═════ Record excerpts

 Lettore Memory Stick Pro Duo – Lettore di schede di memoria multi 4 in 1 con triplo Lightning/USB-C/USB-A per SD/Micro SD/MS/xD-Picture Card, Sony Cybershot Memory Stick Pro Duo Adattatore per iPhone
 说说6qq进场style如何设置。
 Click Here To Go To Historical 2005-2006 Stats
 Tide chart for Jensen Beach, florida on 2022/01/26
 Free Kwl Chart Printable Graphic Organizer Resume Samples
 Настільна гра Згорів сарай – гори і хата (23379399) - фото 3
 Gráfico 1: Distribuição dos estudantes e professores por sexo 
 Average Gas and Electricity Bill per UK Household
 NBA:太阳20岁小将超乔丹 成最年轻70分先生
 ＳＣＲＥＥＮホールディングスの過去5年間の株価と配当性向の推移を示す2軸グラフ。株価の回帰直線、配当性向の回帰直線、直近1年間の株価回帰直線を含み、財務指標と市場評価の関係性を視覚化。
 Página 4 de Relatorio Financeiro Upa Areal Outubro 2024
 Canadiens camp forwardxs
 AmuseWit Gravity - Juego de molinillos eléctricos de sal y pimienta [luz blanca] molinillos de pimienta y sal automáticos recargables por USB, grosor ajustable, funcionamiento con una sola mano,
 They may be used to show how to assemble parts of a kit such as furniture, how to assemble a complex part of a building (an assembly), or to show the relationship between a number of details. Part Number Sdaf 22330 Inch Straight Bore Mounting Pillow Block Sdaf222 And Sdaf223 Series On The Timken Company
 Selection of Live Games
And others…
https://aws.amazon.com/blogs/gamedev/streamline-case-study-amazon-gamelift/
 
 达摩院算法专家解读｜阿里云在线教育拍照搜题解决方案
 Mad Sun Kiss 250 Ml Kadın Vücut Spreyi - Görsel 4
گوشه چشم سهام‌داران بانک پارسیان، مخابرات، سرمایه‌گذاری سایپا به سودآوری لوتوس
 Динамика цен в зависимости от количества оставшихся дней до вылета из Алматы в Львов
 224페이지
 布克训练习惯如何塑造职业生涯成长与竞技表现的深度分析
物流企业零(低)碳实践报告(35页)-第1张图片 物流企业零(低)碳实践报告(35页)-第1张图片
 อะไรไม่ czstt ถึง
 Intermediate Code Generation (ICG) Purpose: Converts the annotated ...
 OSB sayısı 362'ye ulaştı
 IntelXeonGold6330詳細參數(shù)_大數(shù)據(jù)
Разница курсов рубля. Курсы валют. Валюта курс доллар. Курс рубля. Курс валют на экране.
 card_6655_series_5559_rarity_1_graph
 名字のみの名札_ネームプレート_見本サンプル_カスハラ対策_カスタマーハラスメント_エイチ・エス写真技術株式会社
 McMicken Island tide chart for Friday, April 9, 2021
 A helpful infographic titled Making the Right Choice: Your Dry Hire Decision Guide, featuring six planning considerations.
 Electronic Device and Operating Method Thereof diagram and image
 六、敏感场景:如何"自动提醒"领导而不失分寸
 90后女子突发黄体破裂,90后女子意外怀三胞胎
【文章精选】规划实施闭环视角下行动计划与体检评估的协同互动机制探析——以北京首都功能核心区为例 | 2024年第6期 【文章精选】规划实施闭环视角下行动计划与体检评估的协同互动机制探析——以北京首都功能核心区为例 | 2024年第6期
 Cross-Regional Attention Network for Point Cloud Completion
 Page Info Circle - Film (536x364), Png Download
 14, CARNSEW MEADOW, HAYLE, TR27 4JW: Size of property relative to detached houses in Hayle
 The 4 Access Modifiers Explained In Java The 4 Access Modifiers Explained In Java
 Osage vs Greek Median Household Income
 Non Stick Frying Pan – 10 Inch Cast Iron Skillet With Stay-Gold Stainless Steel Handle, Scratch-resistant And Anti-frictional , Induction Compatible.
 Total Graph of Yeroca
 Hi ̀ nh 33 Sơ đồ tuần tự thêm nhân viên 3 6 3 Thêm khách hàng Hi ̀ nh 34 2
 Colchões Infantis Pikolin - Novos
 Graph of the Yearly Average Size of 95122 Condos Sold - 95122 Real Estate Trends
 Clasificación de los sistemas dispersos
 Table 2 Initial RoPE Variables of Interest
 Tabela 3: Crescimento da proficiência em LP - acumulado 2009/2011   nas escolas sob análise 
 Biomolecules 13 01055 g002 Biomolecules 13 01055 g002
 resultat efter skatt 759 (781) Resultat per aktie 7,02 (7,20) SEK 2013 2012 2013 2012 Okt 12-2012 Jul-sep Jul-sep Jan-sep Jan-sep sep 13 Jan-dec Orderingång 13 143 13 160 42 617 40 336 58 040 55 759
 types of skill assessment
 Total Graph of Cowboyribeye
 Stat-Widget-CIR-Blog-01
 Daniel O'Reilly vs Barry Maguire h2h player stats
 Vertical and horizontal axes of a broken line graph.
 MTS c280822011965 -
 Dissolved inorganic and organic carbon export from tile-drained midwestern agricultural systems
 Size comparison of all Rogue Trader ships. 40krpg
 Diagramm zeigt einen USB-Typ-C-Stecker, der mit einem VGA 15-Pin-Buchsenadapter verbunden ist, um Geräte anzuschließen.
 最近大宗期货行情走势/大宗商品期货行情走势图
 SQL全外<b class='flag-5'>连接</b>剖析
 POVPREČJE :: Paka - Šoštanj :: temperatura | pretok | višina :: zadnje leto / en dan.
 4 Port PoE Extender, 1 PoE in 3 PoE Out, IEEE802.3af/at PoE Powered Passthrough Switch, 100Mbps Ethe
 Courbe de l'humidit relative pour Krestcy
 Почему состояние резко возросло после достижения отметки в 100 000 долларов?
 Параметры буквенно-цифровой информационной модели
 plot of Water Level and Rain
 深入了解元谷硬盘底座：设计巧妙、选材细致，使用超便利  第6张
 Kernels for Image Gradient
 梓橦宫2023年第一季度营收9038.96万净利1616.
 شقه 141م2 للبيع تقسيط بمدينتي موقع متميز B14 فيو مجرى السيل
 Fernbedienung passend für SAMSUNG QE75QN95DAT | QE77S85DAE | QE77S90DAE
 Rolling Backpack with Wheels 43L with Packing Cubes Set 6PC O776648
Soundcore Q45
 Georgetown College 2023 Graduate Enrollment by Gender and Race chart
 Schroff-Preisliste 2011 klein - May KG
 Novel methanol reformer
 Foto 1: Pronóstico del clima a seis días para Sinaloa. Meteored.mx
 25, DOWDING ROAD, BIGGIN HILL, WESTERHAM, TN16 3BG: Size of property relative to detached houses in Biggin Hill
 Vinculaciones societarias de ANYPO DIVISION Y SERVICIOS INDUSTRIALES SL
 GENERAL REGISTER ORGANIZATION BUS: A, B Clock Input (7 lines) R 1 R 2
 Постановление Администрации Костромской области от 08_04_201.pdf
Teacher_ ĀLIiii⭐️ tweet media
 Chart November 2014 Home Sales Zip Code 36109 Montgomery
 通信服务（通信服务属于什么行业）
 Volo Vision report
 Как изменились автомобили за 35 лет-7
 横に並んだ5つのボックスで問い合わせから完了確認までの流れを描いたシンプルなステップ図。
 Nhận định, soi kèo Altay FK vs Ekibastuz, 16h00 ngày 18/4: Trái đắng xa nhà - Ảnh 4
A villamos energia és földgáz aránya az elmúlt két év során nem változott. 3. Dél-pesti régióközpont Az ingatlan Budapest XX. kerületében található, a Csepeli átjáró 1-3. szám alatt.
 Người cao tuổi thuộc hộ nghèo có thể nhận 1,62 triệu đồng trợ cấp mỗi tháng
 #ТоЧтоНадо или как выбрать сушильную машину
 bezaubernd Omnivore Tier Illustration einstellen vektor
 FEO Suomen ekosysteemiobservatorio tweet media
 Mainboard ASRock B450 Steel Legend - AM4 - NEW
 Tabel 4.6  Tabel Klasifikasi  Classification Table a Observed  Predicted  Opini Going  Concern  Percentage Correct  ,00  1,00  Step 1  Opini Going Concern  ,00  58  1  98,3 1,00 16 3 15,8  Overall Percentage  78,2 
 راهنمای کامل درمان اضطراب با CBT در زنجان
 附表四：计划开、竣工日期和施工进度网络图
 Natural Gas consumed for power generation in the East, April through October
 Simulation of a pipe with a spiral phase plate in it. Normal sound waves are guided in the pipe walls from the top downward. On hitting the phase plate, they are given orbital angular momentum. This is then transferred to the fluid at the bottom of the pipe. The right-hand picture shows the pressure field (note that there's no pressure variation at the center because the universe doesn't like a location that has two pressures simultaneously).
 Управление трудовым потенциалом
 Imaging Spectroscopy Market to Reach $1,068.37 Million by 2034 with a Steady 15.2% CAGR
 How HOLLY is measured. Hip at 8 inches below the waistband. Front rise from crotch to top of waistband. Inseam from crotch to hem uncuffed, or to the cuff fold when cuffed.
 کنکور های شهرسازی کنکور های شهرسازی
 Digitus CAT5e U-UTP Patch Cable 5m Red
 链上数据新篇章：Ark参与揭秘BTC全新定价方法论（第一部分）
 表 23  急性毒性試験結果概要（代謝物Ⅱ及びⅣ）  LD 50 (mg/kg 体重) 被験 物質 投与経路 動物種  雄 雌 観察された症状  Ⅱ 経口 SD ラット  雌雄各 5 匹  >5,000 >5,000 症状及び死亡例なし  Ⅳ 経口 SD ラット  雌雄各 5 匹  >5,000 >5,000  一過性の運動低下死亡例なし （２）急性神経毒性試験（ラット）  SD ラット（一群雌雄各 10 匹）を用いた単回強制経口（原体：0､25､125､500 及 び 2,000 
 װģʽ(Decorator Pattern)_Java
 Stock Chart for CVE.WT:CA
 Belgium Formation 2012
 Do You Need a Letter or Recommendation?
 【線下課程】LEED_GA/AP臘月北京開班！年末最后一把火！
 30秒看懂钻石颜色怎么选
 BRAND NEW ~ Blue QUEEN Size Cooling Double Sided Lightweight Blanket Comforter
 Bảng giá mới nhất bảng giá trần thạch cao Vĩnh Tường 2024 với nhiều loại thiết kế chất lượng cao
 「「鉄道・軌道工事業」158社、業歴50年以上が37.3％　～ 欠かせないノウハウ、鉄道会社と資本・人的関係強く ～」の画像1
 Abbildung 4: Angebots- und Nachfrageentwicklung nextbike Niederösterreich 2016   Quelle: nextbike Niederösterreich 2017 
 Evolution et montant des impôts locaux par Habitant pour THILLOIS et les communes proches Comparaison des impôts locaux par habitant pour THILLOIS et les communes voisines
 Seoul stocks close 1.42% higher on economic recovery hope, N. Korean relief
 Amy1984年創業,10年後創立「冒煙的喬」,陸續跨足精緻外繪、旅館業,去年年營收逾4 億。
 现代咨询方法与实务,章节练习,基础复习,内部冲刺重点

══════════

**Exercise instructions:** Above are the entries; repeat their lines exactly, from the first through the one that contains "Página 4 de".

**Task result:**
 Lettore Memory Stick Pro Duo – Lettore di schede di memoria multi 4 in 1 con triplo Lightning/USB-C/USB-A per SD/Micro SD/MS/xD-Picture Card, Sony Cybershot Memory Stick Pro Duo Adattatore per iPhone
 说说6qq进场style如何设置。
 Click Here To Go To Historical 2005-2006 Stats
 Tide chart for Jensen Beach, florida on 2022/01/26
 Free Kwl Chart Printable Graphic Organizer Resume Samples
 Настільна гра Згорів сарай – гори і хата (23379399) - фото 3
 Gráfico 1: Distribuição dos estudantes e professores por sexo 
 Average Gas and Electricity Bill per UK Household
 NBA:太阳20岁小将超乔丹 成最年轻70分先生
 ＳＣＲＥＥＮホールディングスの過去5年間の株価と配当性向の推移を示す2軸グラフ。株価の回帰直線、配当性向の回帰直線、直近1年間の株価回帰直線を含み、財務指標と市場評価の関係性を視覚化。
 Página 4 de Relatorio Financeiro Upa Areal Outubro 2024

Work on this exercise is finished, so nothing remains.